A ideia era justamente oferecer área de circulação e lazer aos pedestres em detrimento dos veículos. Além das calçadas largas e iluminação chique, a via também ganhou uma passarela e escadaria que cruzava a Avenida Noroeste, por onde passavam os trilhos do trem.
“Mas, com o tempo ali foi se tornando um lugar que não se andava. Na década de 90 já era um ponto de delinquência, só foi resolver quando demoliram”, conta Maria Madalena. A demolição, no caso, ocorreu quando os trilhos foram retirados em 1999, durante a gestão do então prefeito André Puccinelli.
O primeiro corredor
Três ex-governadores do Mato Grosso “uno” e um do atual Mato Grosso do Sul tiveram moradia na Barão: Nicolau Fragelli, Fernando Correia da Costa, Arnaldo Estevão de Figueiredo e Wilson Barbosa Martins. Era um lugar chique de se morar, por assim dizer. Até hoje, ainda há alguns palacetes, mais para perto da Rua Rui Barbosa. Só que o perfil residencial da via mudou com o passar do tempo.
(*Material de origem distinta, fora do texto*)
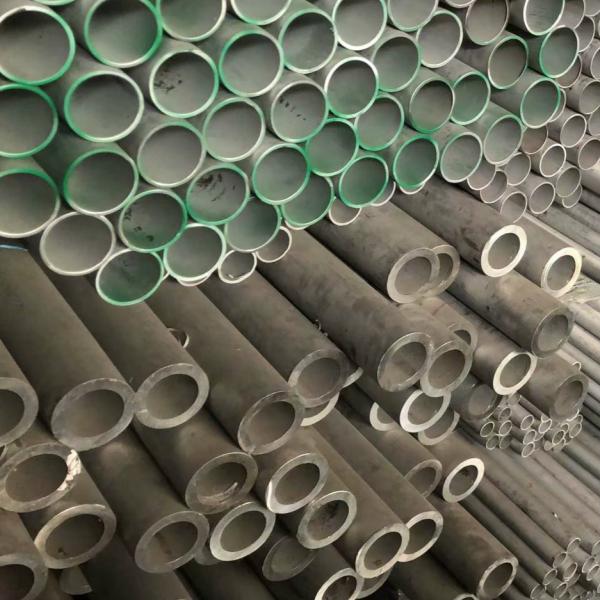 Tubo sem emenda de aço inoxidável estirado a frio dos SS 316L Inox do tubo de ASTM A312 TP316L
Isso se explica porque era a partir da Barão que se fazia a conexão entre os setores econômicos da cidade e o terminal de transbordo, inaugurado em 1976 – a rodoviária antiga de Campo Grande, que também fica na mesma rua.
“Historicamente, essa conexão entre a rodoviária antiga e a Prefeitura proporcionou o surgimento de muitos comércios, mas também de equipamentos culturais. Só de praças são três, a Praça Aquidauana, a Praça do Rádio Clube e a Praça Belmar Fidalgo”, aponta o escritor Américo Calheiros, autor do livro Campo Grande Aquarela de Luz.
Zona cinzenta e cafezinho
Não é de hoje que o entorno da rodoviária é considerado problemático. Relatos apontam que o trecho da Rua Barão do Rio Branco que partia da rodoviária antiga até a Avenida Calógeras era frequentado por criminosos. O problema da insegurança na região, portanto, foi amenizado com intervenções urbanísticas.
Na passarela que ficava sobre a Noroeste, a propósito, camelôs comercializavam produtos trazidos do Paraguai, no período em que importações eram proibidas.
“Era um ponto de venda de muamba e muitos desavisados eram assaltados por aquela região. Isso só resolveu com a demolição [da passarela], mesmo. Os camelôs foram para onde hoje é o camelódromo e a região melhorou bastante”, conta o aposentado Carlos Alberto Muniz, 76, frequentador da região central. “Aqui mesmo nessa área a gente não passava de carro, era fechada. Dava muito marginal, a gente sabia até de ‘desova’ de corpo no córrego”, completa.
Apesar do lado obscuro, uma quadra acima do ponto “perigoso” da rua, fica uma das célebres referências da Barão, que até hoje faz um dos cafés famosos da cidade. Com muita simplicidade, o Bar do Zé era ponto de encontro de fazendeiros e políticos, justamente por estar nesse corredor.
“A importância do bar era pelos frequentadores. A gente ouvia dizer que acordos, negociações, coisas do tipo tinham sido fechadas lá. Mas, para quem quiser um cafezinho bom, ainda vale a pena visitar o local. Dá para saber muito da história da cidade sentando ali”, aponta Calheiros. “De uma forma ou de outra, havia manifestações políticas por ali”, conclui.
Falando em manifestações políticas, foi em frente ao Bar do Zé, por sinal, que ocorreu um episódio tenso da história da rua quando, em novembro de 2005, o ambientalista Francisco Ancelmo de Barros, mais conhecido como Francelmo, ateou fogo no próprio corpo para denunciar crimes ambientais na região do Pantanal. Em homenagem ao ambientalista, o local ganhou um pequeno memorial criado pelo arquiteto Gil Carlos de Camillo, com uma maquete do Pantanal.